Un día, “pelaboleando” en plaza Altamira -una de las plazas centrales de Caracas, símbolo de la lucha política venezolana, regada con la sangre de varios militantes-, sin saber en donde íbamos a dormir esa noche, comiendo nuestros clásicos de pan con atún y mucha mayonesa, escuchamos una música que venía de un grupo numeroso, a unos cincuenta metros de donde estábamos. Nos acercamos tímidamente, pero cuando nos vieron la cara de turistas, enseguida nos invitaron a sentarnos y a hacer música con ellos. Eran un grupo de estudiantes de música, y estaban haciendo música folclórica venezolana, con baile incluido, rasgueando una guitarra, dibujando melodías con un violín y tamborileando con mucha percusión.
Pero un instrumento en particular nos llamó mucho la atención. Una especie de guitarra pequeña, de cuatro cuerdas, parecida a un Ukelele, que tenía el aval de ser el instrumento nacional de Venezuela. Al “cuatro” lo estaba interpretando un cuatrero de la concha de la lora, y su sonido nos cautivó inmediatamente. Al otro día estábamos quemando nuestros últimos U$40 para conseguir ese noble instrumento, que tantas alegrías nos dio por el resto del viaje.
Rápidamente aprendimos nuestros primeros acordes. Un día, jugando con el instrumento, logré juntar un Fa sostenido, seguido de un Si menor y culminando en un Do sostenido séptima. Seco paró la oreja enseguida.
-¿Qué es eso?- me preguntó.
-No sé, creo que son los acordes de “Hasta Siempre”.
-A ver, prestame- me dijo Seco, mientras me arrebataba el instrumento.
Y así fue como José se aprendió enseguida la canción del Che Guevara, una rola que interpretaría entre 12 y 17 veces por día, y fue la canción con la que abrimos nuestro show debut en el “Moline Rouge”, con guitarra y a dos voces.
*El cuatro y Venezuela: que buena vaina!
En el ateneo popular en el que estábamos alojados, nos reencontramos con Pedriño, el brasilero que habíamos conocido en la frontera, músico de profesión. Hablamos de hacer algo de música para hacer unos bolívares y tirar un poco más. Así que decidimos ir un martes al “Moline”, el boliche de Rock caraqueño, un día en que sabíamos que no tenían números musicales contratados.

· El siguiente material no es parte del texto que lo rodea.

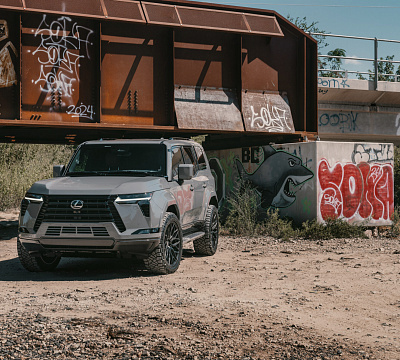 Фото дисков Vossen HF6-3 на Lexus GX II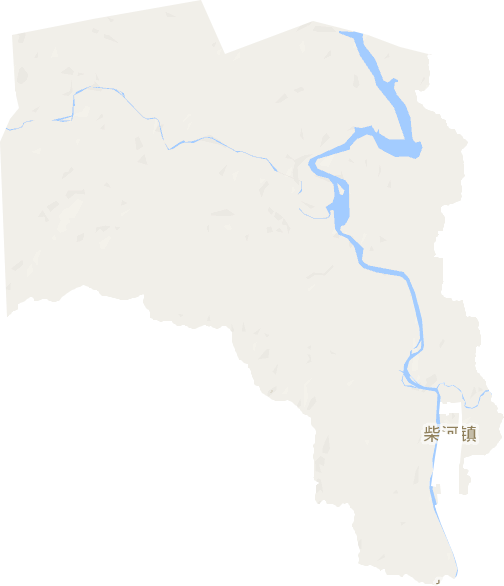 柴河镇电子地图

Los gerentes del lugar nos aceptaron fácilmente, pero nos ofrecieron la paga clásica del músico, el salario milenario de esta profesión. Hubo una época en que el sueldo se pagaba en sal o en especias, pero para el músico, Dios siempre nos tuvo reservada una paga en una equivalencia mucho más interesante. Ya Timoteo de Mileto, en la antigua Grecia del siglo V a.c, uno de los inventores del Hit, de la canción masiva, y uno de los fundadores de la composición individual (y no anónima como hasta ese momento), recibió su primer paga en vino y cerveza. Y claro, a nosotros también nos darían dos baldes llenos de latas heladas y deliciosas de cerveza “Polar”.
Después de la aplaudida y mágica “Hasta siempre” (que nos salía espectacular), tocamos una improvisada “Other Side” de los Red Hot, que puso de relieve el acento londinense de Seco, un inglés de mierda que nos hizo morir de la risa a los dos mientras la tocábamos. Después vinieron algunas de Bob Marley, y le cedimos el espacio a Pedro, que se cantó su set de excelentes canciones propias.
Llegar a la embriaguez que produce el alcohol era un estado que casi habíamos olvidado, algo difícil de lograr cuando no tenés un peso. Esas cervezas que habíamos conseguido con el sudor de nuestra frente, le dieron un valor agregado a una noche que difícilmente olvidaremos.